Etwa 300.000 Teppiche sollen bis Anfang März in den Regalen liegen, wenn die Warendrehscheibe vor den Toren Erfurts ihren Vollbetrieb aufnimmt. Die gelagerten Stoffbahnen würden ausreichen, um ein Drittel des Fürstentums Monaco zu bedecken, wenn man dies denn wollte. „Ein größeres Teppichlager in Europa ist uns nicht bekannt“, sagt Kevin Kufs, CEO der Otto-Tochter Hermes Fulfilment, zu der das 50.000 Quadratmeter große Lagergebäude gehört.

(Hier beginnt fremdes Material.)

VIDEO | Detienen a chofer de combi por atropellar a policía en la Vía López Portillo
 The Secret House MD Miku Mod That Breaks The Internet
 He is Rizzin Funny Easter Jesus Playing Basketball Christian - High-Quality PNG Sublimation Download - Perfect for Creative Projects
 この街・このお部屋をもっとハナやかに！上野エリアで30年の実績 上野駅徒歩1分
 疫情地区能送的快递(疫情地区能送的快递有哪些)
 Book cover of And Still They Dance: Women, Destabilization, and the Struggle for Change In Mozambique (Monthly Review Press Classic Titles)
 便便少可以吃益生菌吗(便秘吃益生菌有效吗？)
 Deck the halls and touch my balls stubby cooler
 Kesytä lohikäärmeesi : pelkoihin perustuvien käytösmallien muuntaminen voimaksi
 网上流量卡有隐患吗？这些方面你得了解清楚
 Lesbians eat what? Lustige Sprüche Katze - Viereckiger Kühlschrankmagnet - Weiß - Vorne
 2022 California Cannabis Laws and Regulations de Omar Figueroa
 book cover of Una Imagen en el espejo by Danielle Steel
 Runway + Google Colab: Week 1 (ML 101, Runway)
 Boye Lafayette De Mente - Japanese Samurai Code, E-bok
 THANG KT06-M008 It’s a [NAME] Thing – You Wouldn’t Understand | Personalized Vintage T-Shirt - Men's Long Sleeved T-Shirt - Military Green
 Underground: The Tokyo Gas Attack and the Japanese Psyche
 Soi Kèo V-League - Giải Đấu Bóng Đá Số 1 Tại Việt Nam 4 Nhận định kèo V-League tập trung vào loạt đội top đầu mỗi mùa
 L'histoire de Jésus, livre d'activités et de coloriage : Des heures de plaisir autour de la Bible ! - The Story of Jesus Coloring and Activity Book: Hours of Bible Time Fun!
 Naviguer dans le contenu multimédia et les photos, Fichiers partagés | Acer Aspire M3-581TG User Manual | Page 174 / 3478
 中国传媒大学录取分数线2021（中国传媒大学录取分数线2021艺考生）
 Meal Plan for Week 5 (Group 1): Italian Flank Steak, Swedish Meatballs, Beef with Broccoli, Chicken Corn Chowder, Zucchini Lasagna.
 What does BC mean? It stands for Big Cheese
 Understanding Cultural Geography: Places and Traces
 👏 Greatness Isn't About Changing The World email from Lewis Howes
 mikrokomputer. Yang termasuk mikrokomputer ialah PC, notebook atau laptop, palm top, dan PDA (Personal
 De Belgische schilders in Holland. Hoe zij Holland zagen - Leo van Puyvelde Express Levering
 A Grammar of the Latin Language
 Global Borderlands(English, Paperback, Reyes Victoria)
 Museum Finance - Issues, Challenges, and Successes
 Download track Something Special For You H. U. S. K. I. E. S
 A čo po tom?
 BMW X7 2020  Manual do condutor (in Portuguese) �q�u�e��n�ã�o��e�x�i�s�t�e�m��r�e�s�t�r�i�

Bislang hatte Deutschlands mächtigster Versandhauskonzern seine Stoffrollen, darunter 15 handgeknüpfte Perserteppiche zum Stückpreis von 120.000 Euro, an den unterschiedlichsten Standorten gelagert – vor allem im westfälischen Löhne und im thüringischen Ohrdruf. Doch eine solche Dezentralisierung, entschied das 16,1 Milliarden Euro Jahresumsatz schwere Familienunternehmen, will man sich nun nicht mehr leisten.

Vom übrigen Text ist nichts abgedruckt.